» Exercise instructions
Please keep the pictures out and write out exactly the lines from the first in the data below through the one containing "PŁASKI GARNEK TYTANOWY", both included.

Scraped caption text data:
┌────────

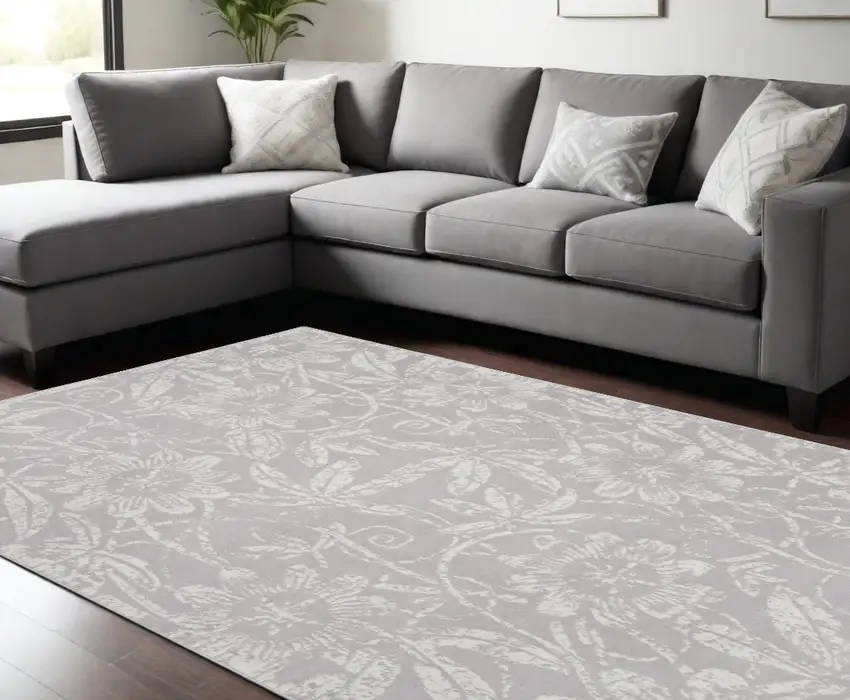 Ivory And Gray Floral Distressed Area Rug Photo 1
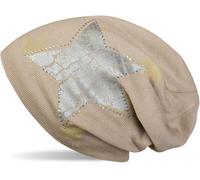 Strickmütze STYLEBREAKER "Feinstrick Beanie mit Sternen und Strass", Damen, beige, 100% Viskose CV., Modisch, Mützen Strickmütze (85843012-0) beige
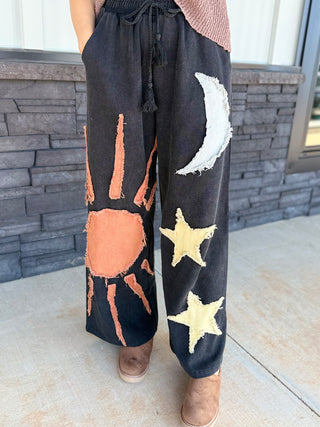 Black Sun Moon & Stars Pants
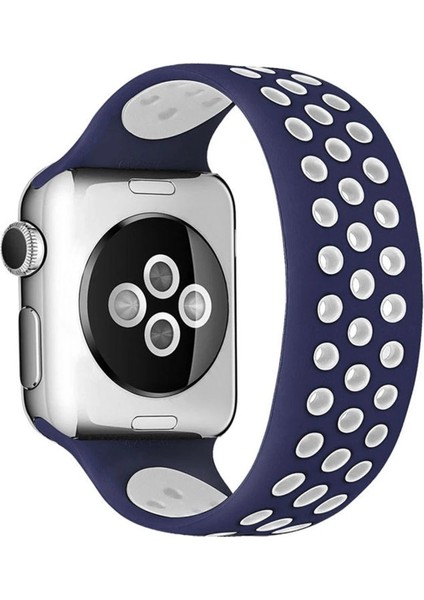 Apple Watch 38MM Ayarlı Delikli Silikon Kordon - Lacivert-Beyaz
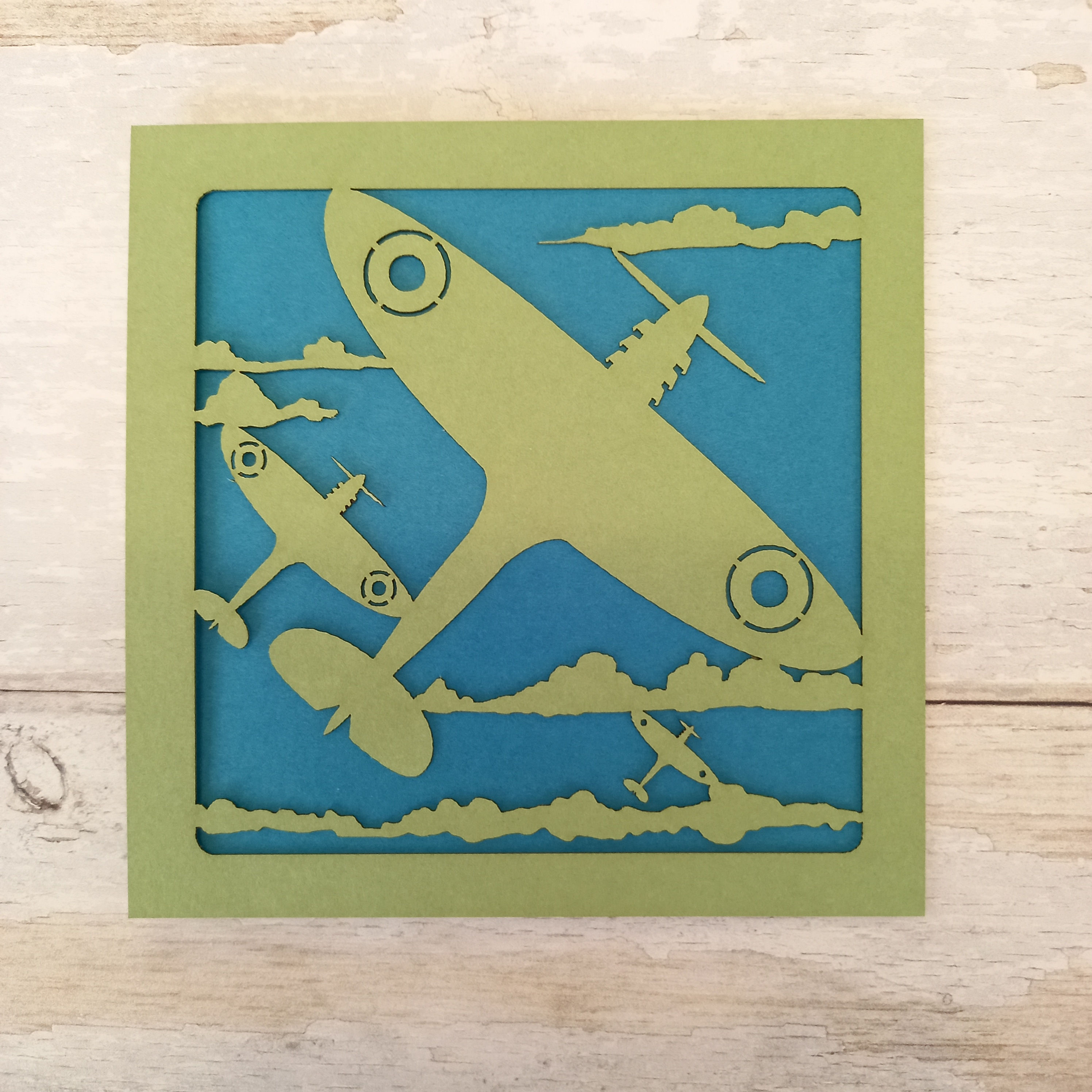 khaki green and teal flying spitfire greetings card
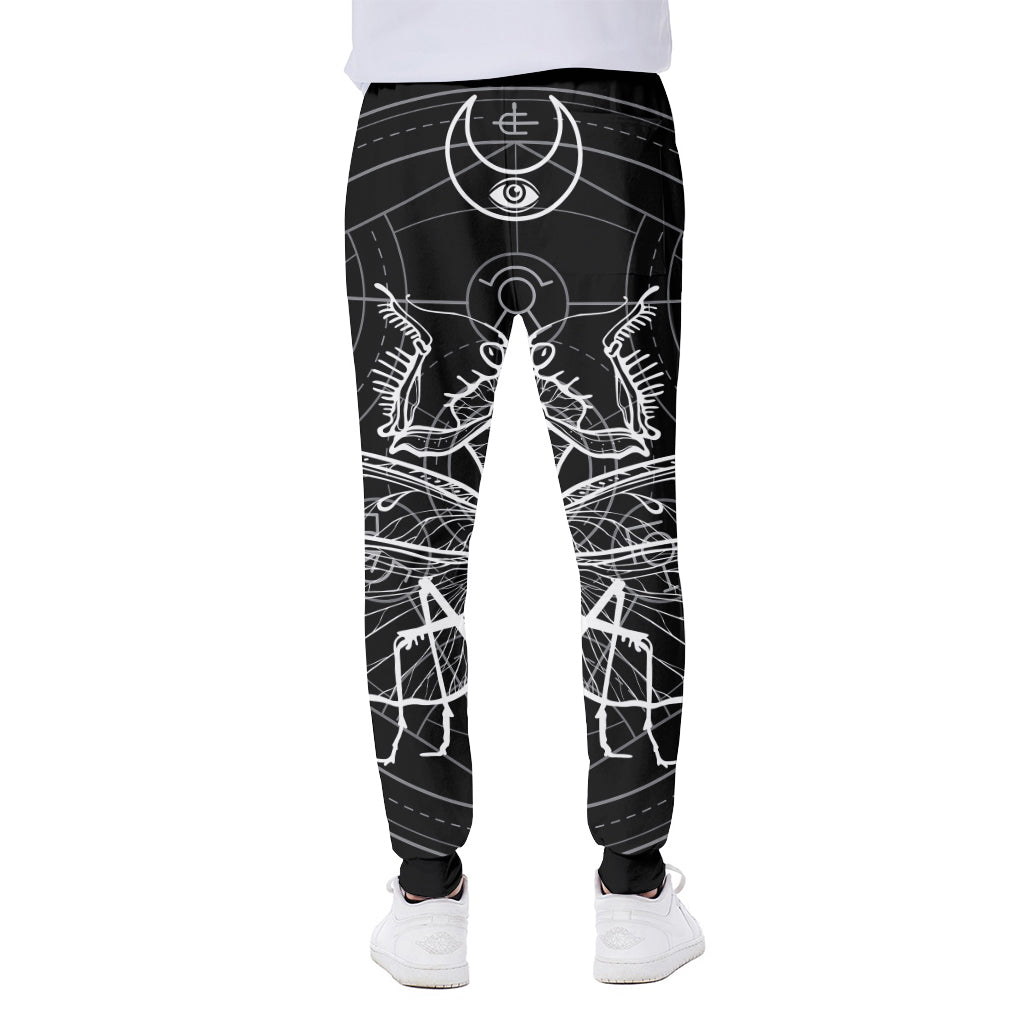 Black And White Mantis Spirit Print Scuba Joggers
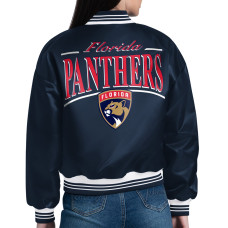 Женская рубашка Florida Panthers Starter Navy Arch Stripe Satin Varsity Jacket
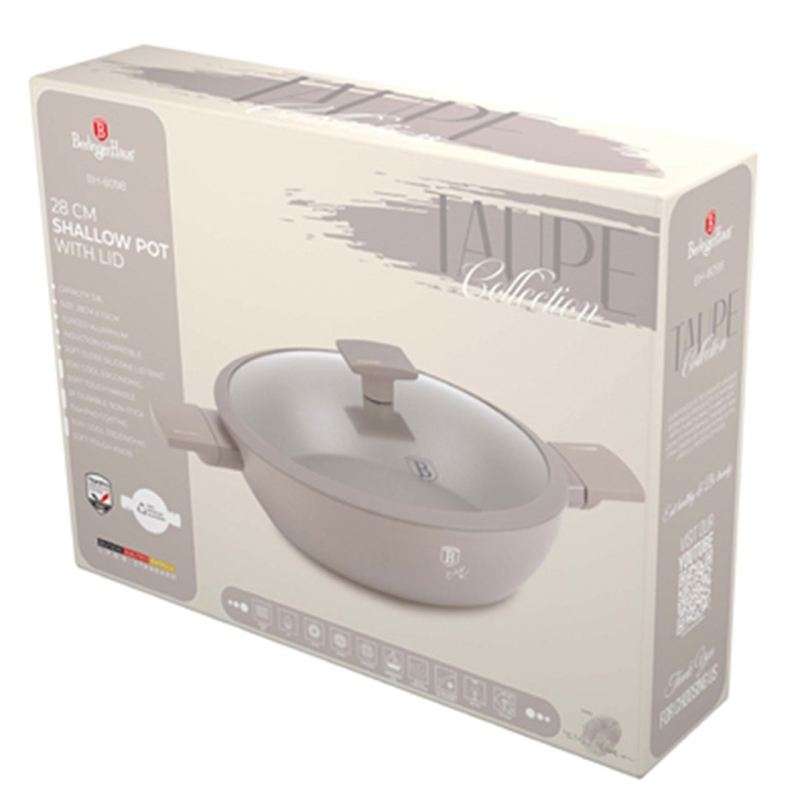 PŁASKI GARNEK TYTANOWY Z POKRYWĄ 28cm BERLINGER HAUS BH-8098 TAUPE - obrazek 7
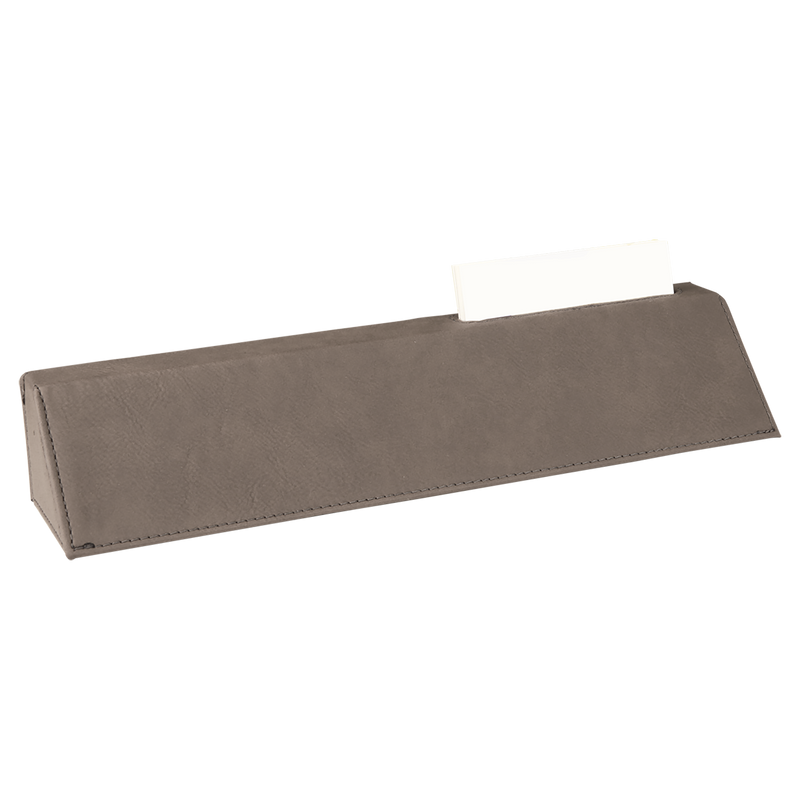 Gray Leatherette Desk Wedge with Business Card Holder
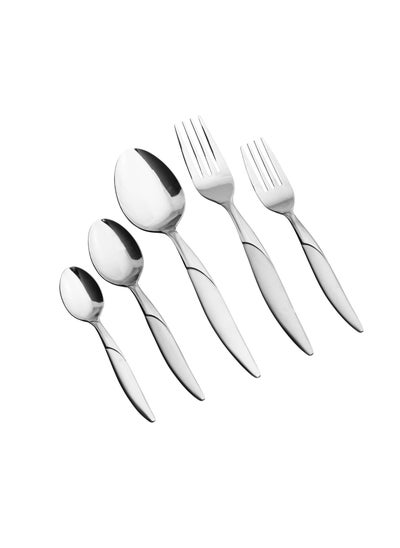 Buy 30 Piece Japanese Silver Stainless Steel Spoon Set in Saudi Arabia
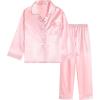 imageDIPUG Girls Pajamas Silk Pajama Set Satin Pjs for Kids Comfortable Nights SleepwearPink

└────────

» Expected answer
 Ivory And Gray Floral Distressed Area Rug Photo 1
 Strickmütze STYLEBREAKER "Feinstrick Beanie mit Sternen und Strass", Damen, beige, 100% Viskose CV., Modisch, Mützen Strickmütze (85843012-0) beige
 Black Sun Moon & Stars Pants
 Apple Watch 38MM Ayarlı Delikli Silikon Kordon - Lacivert-Beyaz
 khaki green and teal flying spitfire greetings card
 Black And White Mantis Spirit Print Scuba Joggers
 Женская рубашка Florida Panthers Starter Navy Arch Stripe Satin Varsity Jacket
 PŁASKI GARNEK TYTANOWY Z POKRYWĄ 28cm BERLINGER HAUS BH-8098 TAUPE - obrazek 7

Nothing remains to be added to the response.